## Activity
In the records below, which lines include "Package"? Copy them.

Crawled caption data:
>>>>
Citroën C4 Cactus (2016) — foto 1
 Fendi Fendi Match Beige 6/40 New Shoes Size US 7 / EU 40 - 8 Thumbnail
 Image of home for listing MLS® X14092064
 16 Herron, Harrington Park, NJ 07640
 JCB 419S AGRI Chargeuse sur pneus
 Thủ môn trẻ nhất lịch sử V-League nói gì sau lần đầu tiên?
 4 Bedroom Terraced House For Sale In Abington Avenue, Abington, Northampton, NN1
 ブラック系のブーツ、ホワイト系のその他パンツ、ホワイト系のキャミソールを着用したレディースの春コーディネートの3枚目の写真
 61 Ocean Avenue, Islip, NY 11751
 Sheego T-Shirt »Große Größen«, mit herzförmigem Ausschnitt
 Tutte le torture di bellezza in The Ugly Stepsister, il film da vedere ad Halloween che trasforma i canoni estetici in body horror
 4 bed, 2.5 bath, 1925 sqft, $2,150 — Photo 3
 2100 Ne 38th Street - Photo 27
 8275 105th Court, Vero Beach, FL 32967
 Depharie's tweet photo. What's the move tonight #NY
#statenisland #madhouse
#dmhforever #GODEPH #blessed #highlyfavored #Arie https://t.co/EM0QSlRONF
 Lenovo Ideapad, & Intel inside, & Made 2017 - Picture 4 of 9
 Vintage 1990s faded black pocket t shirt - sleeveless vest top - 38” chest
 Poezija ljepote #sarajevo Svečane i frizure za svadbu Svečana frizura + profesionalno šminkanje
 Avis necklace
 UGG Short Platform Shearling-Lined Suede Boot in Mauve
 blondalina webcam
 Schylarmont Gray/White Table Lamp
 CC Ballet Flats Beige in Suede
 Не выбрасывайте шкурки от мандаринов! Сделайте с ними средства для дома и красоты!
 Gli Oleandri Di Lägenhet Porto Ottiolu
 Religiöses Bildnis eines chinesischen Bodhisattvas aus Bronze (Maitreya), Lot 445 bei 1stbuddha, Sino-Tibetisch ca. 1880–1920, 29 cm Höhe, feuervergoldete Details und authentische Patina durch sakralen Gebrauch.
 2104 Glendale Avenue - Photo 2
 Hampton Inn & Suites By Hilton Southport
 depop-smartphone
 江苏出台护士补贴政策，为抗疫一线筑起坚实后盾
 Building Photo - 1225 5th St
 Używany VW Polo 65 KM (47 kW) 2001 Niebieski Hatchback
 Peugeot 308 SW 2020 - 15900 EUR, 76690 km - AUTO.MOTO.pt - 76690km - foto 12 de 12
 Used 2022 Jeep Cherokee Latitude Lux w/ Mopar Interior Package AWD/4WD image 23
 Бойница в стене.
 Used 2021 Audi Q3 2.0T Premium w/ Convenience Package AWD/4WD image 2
<<<<
## Exercise solution
 Used 2022 Jeep Cherokee Latitude Lux w/ Mopar Interior Package AWD/4WD image 23
 Used 2021 Audi Q3 2.0T Premium w/ Convenience Package AWD/4WD image 2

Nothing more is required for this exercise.